O delegado Paulo Ribeiro, da Delegacia de Investigações Criminais (Deic), responsável pela elucidação do crime, não quis adiantar nada. “Temos todas as forças policiais envolvidas”, repetiu nas três vezes em que foi procurado pela reportagem. A primeira delas, por volta de meio-dia, enquanto fugia de uma equipe de televisão que queria segurá-lo para uma transmissão ao vivo. “Estou em diligência”, justificou.
Quem não sabia o que havia acontecido, procurava os mototaxistas que, de cabeça baixa, narravam o horror do tiro disparado à queima roupa.
Evangélico, José era tesoureiro em uma igreja do setor Vila Nova. De dia, atendia com muito cuidado e atenção aos idosos que se acostumaram com o café e o pão de queijo das funcionárias que auxiliavam o comerciante. À noite, ia com a família para a igreja. “Ele era feliz. Não tinha medo, mesmo assim se mostrava cuidadoso”, conta um choroso amigo que foi ao local do crime. “Eu não estava acreditando, meu Deus”.
Rotina de medo
Nos últimos anos, José passou por três assaltos. Sempre calmo ele entregava tudo. “Até dizia pra gente não reagir porque esses caras não têm nada a perder”, recorda o ex-funcionário Matheus Rodrigues, de 22 anos, enquanto recolhe o resto do balcão que, na luta corporal, caiu fora do quiosque. “Não sei porque ele reagiu. Não sei”.

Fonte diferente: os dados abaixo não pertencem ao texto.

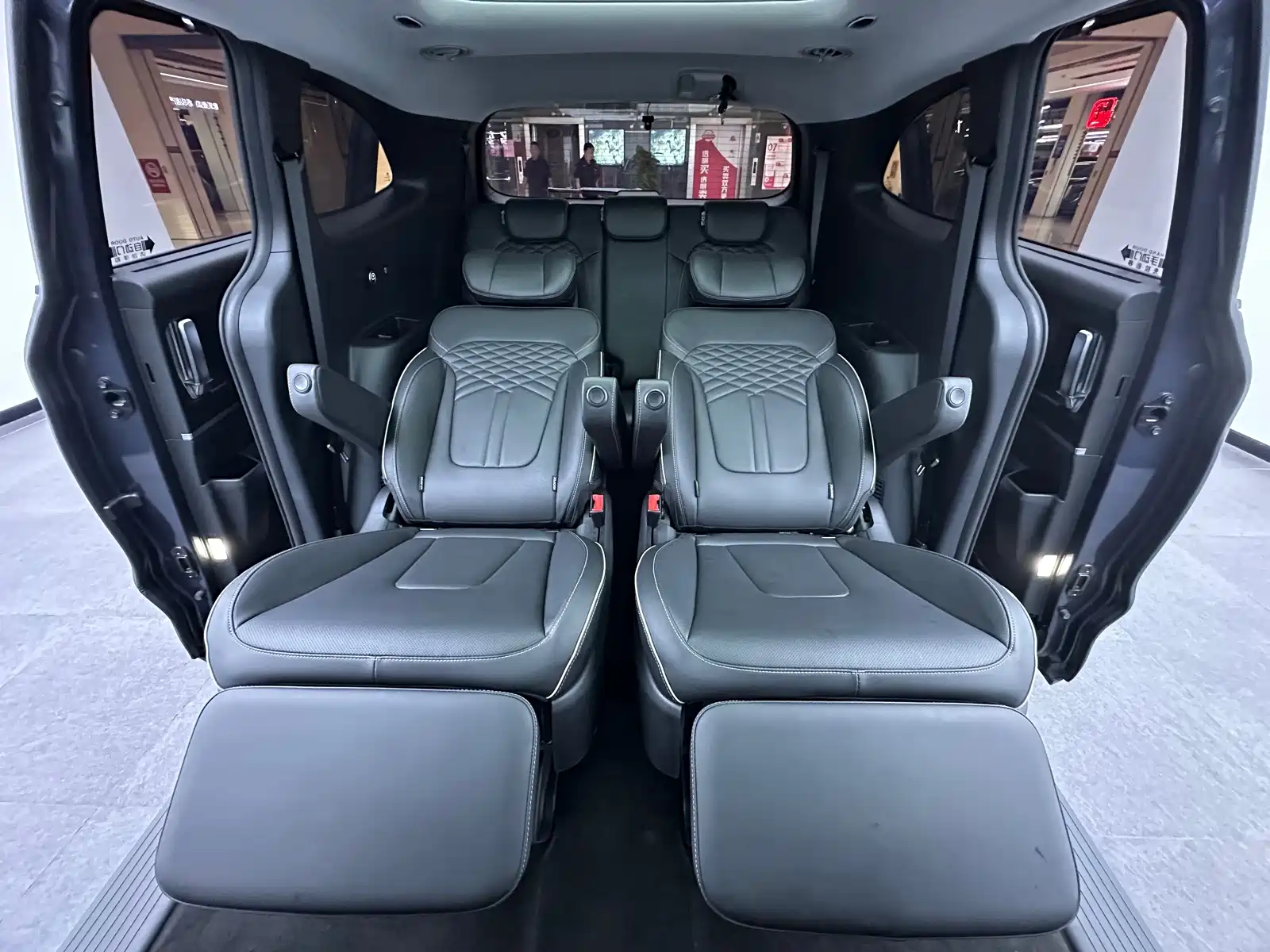 Фото 30 - Hyundai Custo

Quando foi assassinado depois de se negar a entregar o celular a dois homens, apenas um idoso, na escuridão silenciosa, andava por aquela rua.
José Maria não é exceção de vítima de violência a poucos metros da sede do Executivo, na Praça Cívica. A reportagem ouviu pelo menos dez comerciantes. Alguns dizem que melhorou, mesmo assim furtos e arrombamentos são frequentes.
“Aqui está um inferno. Bem ao lado da casa do governador e nada de soluções”, reclama Glória Nascimento, de 64 anos, dona de uma salão de cabeleireiro há 42 anos. “Estou perplexo com a morte do seu Zé. O tiro acertou todos nós”, diz, enquanto aperta o peito.
Marília Teodoro, 33 anos, cresceu na região. A mãe, uma das mais importantes pamonheiras da capital, está em choque. “Minha mãe é dona da ‘Pamonharia da Vovó’. Ela conhecia há mais de 20 anos o seu Zé”, diz, acompanhando a movimentação de policiais civis na calçada do quiosque e incomodada com o barulho dos estilhaços de vidros. “As pessoas não se importam. Tá vendo?”.
Um pouco receosa de falar sobre criminalidade na região, acaba dizendo: “Não sabemos quantas vezes fomos roubadas, com arma apontada para cabeça. Minha mãe chora o tempo inteiro pensando que poderia ter sido uma de nós duas e, claro, por mais uma família destruída.”
Jair da Silva, de 28 anos, troca a película do celular de uma cliente que não sabia do assassinato enquanto comenta que atravessava a rua e comprava refrigerante na banca do José. “Infelizmente não foi muita surpresa chegar aqui para abrir a loja e ver o carro do IML ali, da polícia, de gente chorando”. A mulher olha desajeitada para o quiosque fechado e resmunga: “a violência se espalhou por todos os cantos…”
José será sepultado no Jardim das Palmeiras às 20 horas, horário em que já teria baixaria as portas do comércio da rua 83 e ido para casa.